*** Begin section ***

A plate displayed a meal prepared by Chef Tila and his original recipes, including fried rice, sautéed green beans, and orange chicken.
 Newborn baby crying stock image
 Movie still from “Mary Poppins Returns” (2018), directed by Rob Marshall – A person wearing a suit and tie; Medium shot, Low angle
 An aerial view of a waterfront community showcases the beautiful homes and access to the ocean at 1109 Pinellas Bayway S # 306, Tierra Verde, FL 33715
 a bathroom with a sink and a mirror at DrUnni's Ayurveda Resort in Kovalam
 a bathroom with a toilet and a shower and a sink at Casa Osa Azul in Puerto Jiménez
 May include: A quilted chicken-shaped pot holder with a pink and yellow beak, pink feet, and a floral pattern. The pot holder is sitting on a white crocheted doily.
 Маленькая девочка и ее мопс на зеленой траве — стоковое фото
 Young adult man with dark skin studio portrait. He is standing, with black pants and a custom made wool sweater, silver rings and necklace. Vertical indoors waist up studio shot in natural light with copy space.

*** End section ***
*** Begin section ***

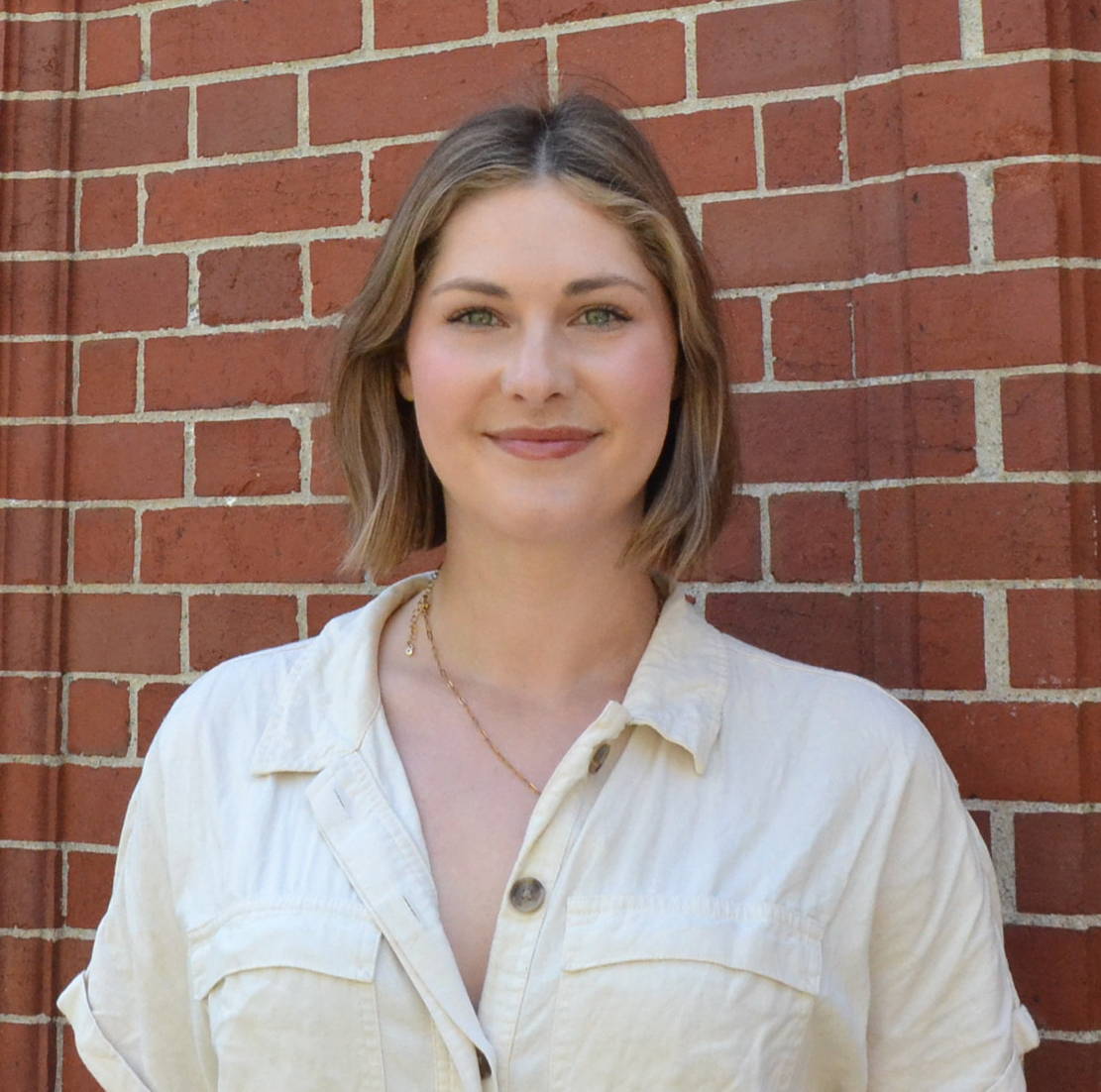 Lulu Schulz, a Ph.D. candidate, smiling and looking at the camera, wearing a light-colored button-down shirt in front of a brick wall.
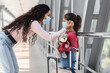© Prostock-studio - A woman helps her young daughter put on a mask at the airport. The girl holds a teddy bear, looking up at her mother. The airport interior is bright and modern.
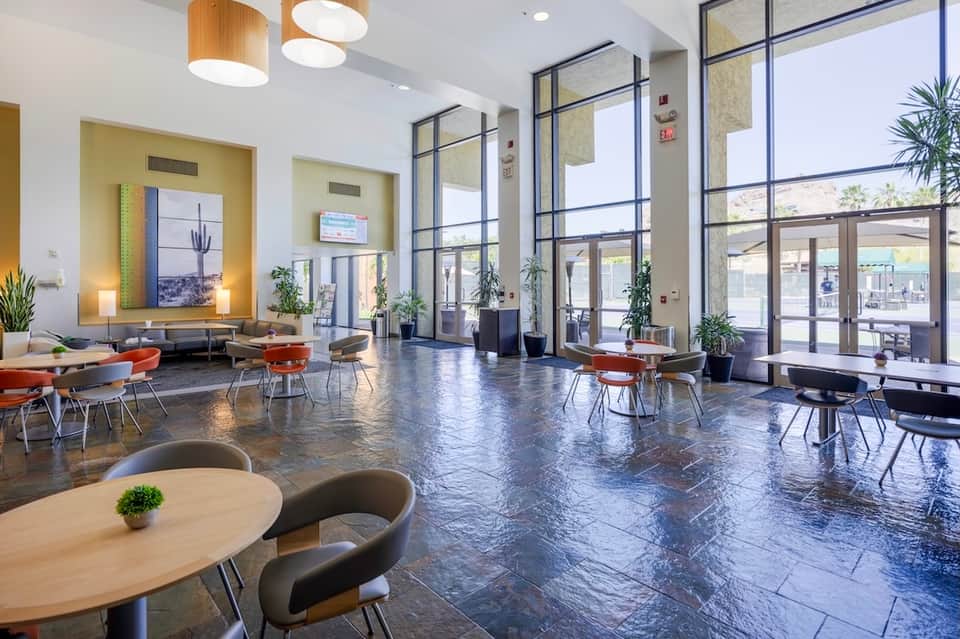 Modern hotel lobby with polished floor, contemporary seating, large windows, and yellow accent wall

*** End section ***
*** Begin section ***

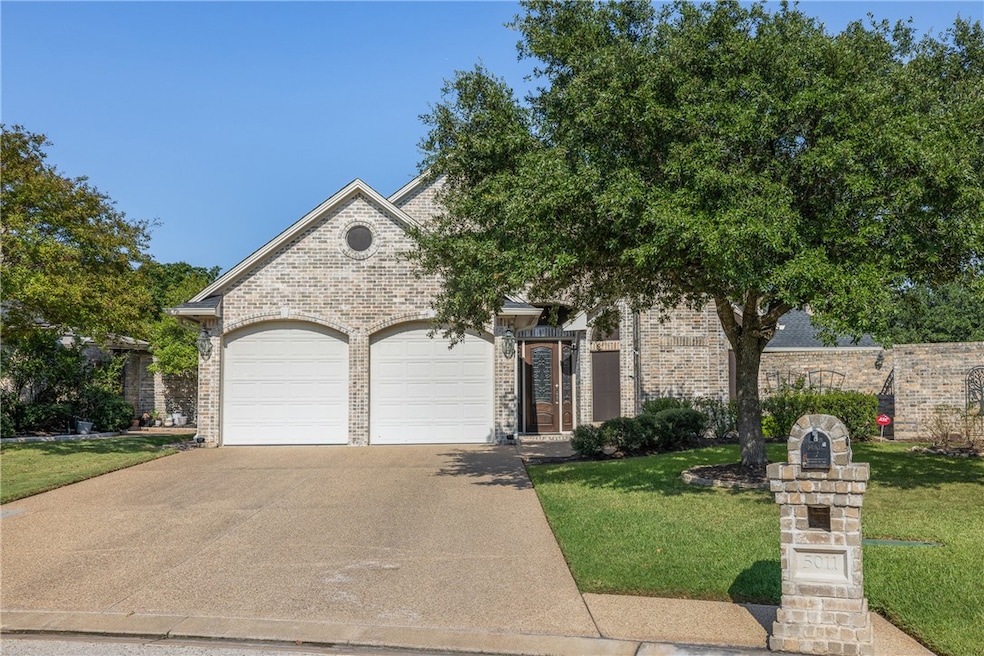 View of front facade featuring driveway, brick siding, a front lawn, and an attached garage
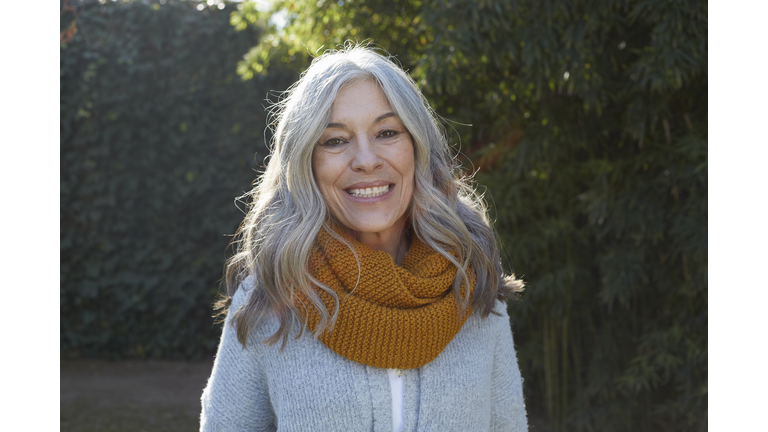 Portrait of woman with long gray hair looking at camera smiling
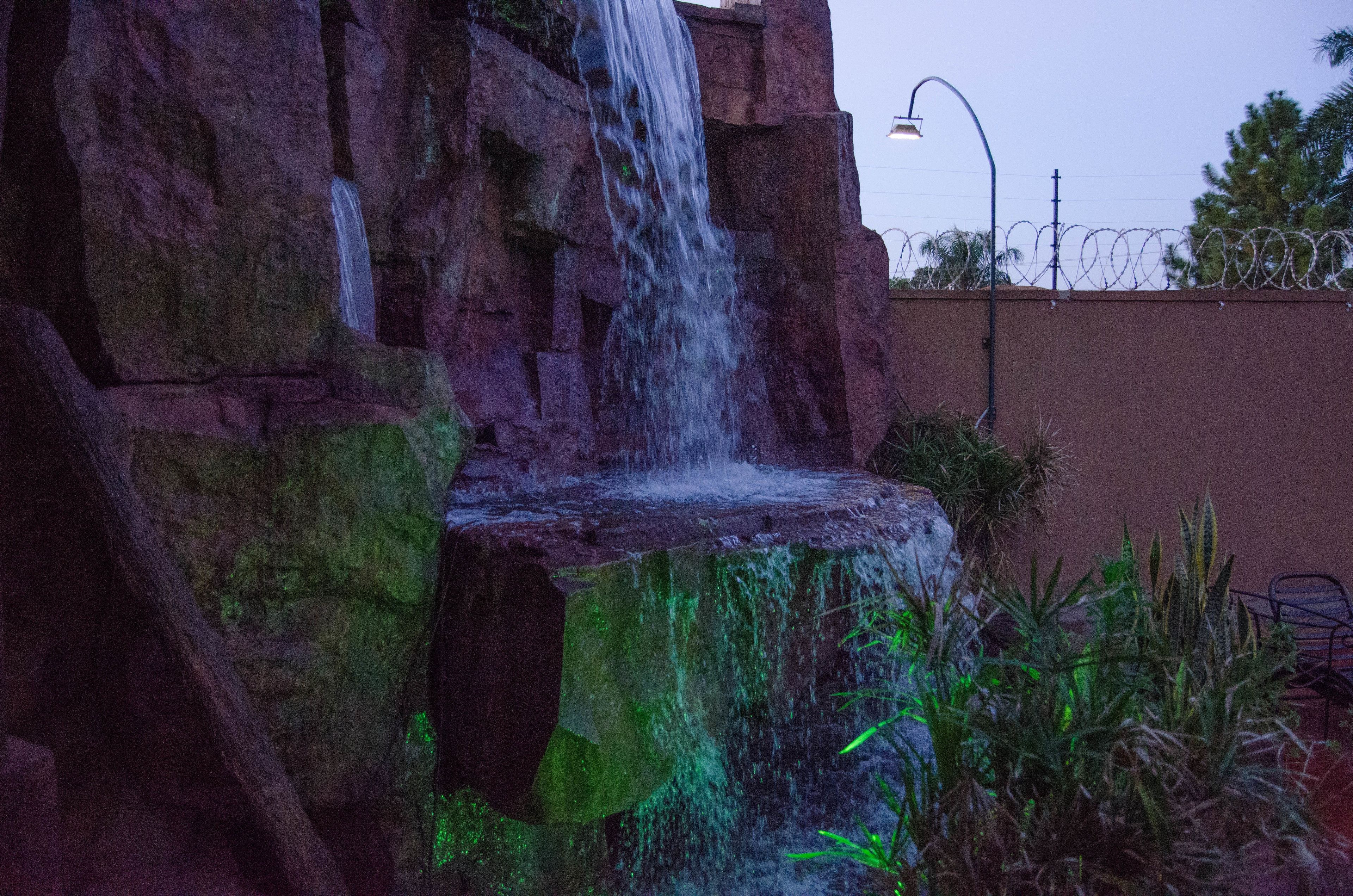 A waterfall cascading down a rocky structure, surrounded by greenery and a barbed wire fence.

*** End section ***

• About this task
Every line from the line containing "A plate displayed" through the line containing "Young adult man" in the records above must be retyped exactly. Leave out the rest.

• Response
A plate displayed a meal prepared by Chef Tila and his original recipes, including fried rice, sautéed green beans, and orange chicken.
 Newborn baby crying stock image
 Movie still from “Mary Poppins Returns” (2018), directed by Rob Marshall – A person wearing a suit and tie; Medium shot, Low angle
 An aerial view of a waterfront community showcases the beautiful homes and access to the ocean at 1109 Pinellas Bayway S # 306, Tierra Verde, FL 33715
 a bathroom with a sink and a mirror at DrUnni's Ayurveda Resort in Kovalam
 a bathroom with a toilet and a shower and a sink at Casa Osa Azul in Puerto Jiménez
 May include: A quilted chicken-shaped pot holder with a pink and yellow beak, pink feet, and a floral pattern. The pot holder is sitting on a white crocheted doily.
 Маленькая девочка и ее мопс на зеленой траве — стоковое фото
 Young adult man with dark skin studio portrait. He is standing, with black pants and a custom made wool sweater, silver rings and necklace. Vertical indoors waist up studio shot in natural light with copy space.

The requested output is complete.